Your instructions: Lines from the one containing "Дизайнерский пластиковый чехол" through the final line of the data, restated word for word and free of pictures, make up the whole answer.

____ Source data

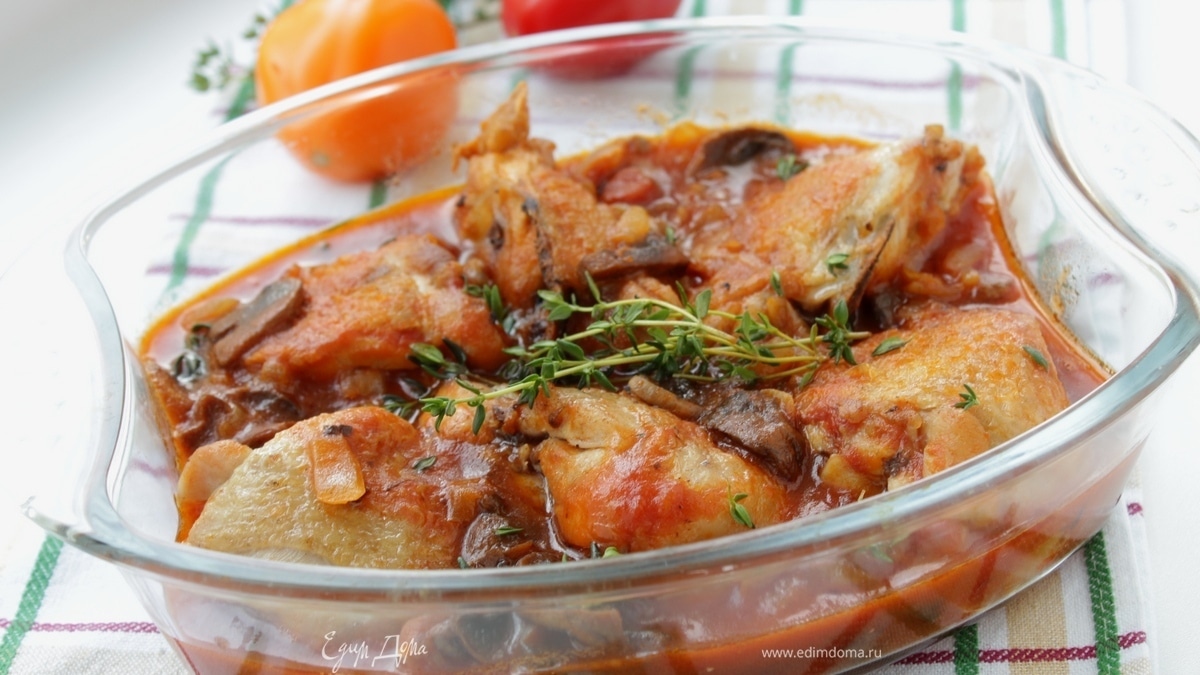 Кассероль с курицей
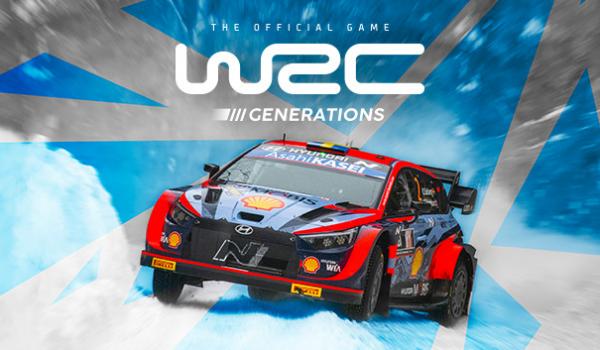 WRC Generations The FIA WRC Official Game (PC)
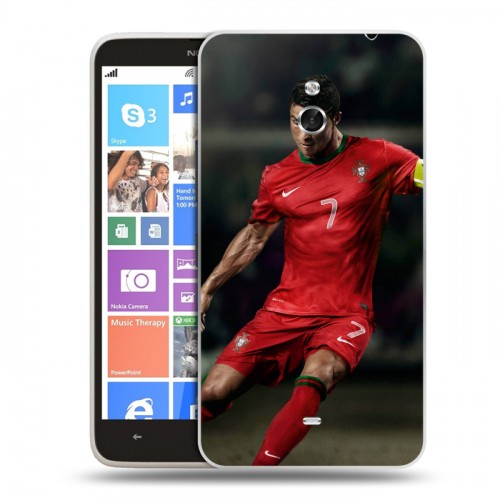 Дизайнерский пластиковый чехол для Nokia Lumia 1320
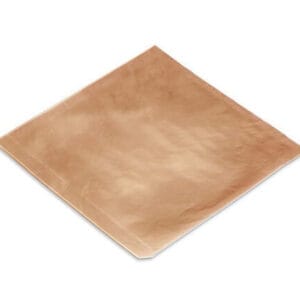 Long Sponge Paper Bag - Brown - 500/pkt - 355x279 (Full Pkt Only)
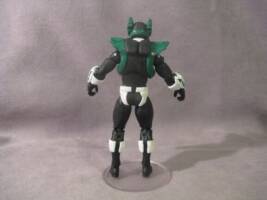 Green Psycho Ranger (Power Rangers) Custom Action Figure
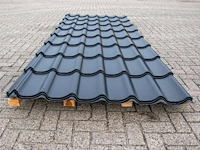 Partij dakplaten 200x120cm 30 stuks nieuw - afbeelding 1 van  1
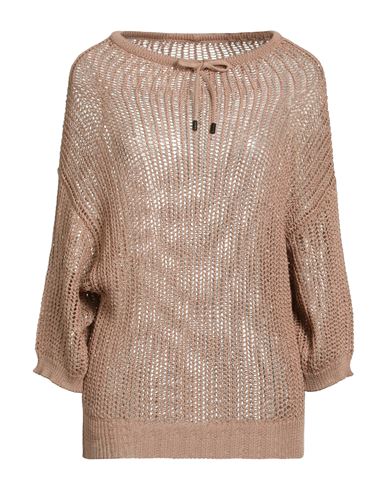 Pullover Damen Hellbraun 32,34,36,38,40 Damen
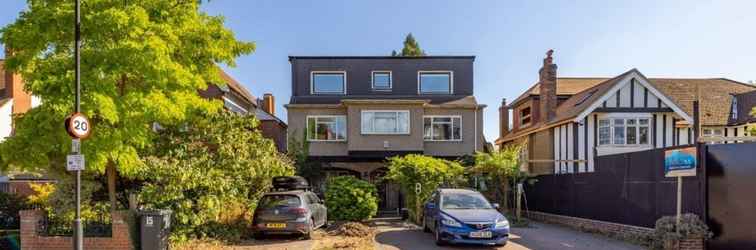 Bangunan The Finchley Bolthole - Delightful 2bdr Flat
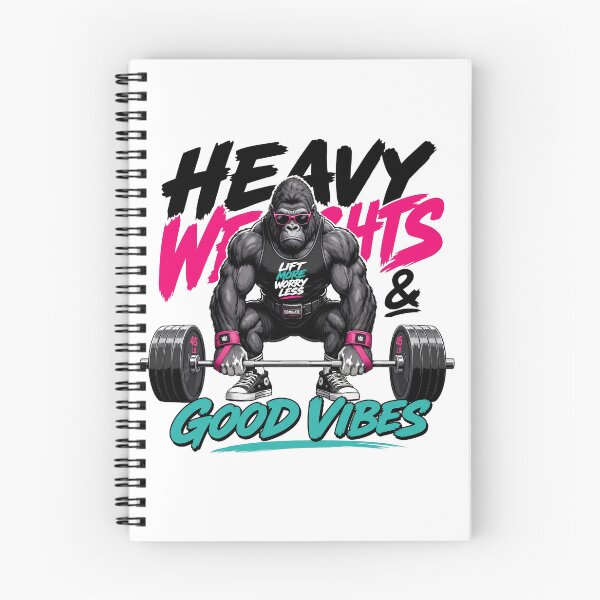Item preview, Beast Mode Gorilla Deadlift Fitness Motivation designed and sold by BobbyTee Merch.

________

Task response:
 Дизайнерский пластиковый чехол для Nokia Lumia 1320
 Long Sponge Paper Bag - Brown - 500/pkt - 355x279 (Full Pkt Only)
 Green Psycho Ranger (Power Rangers) Custom Action Figure
 Partij dakplaten 200x120cm 30 stuks nieuw - afbeelding 1 van  1
 Pullover Damen Hellbraun 32,34,36,38,40 Damen
 Bangunan The Finchley Bolthole - Delightful 2bdr Flat
Item preview, Beast Mode Gorilla Deadlift Fitness Motivation designed and sold by BobbyTee Merch.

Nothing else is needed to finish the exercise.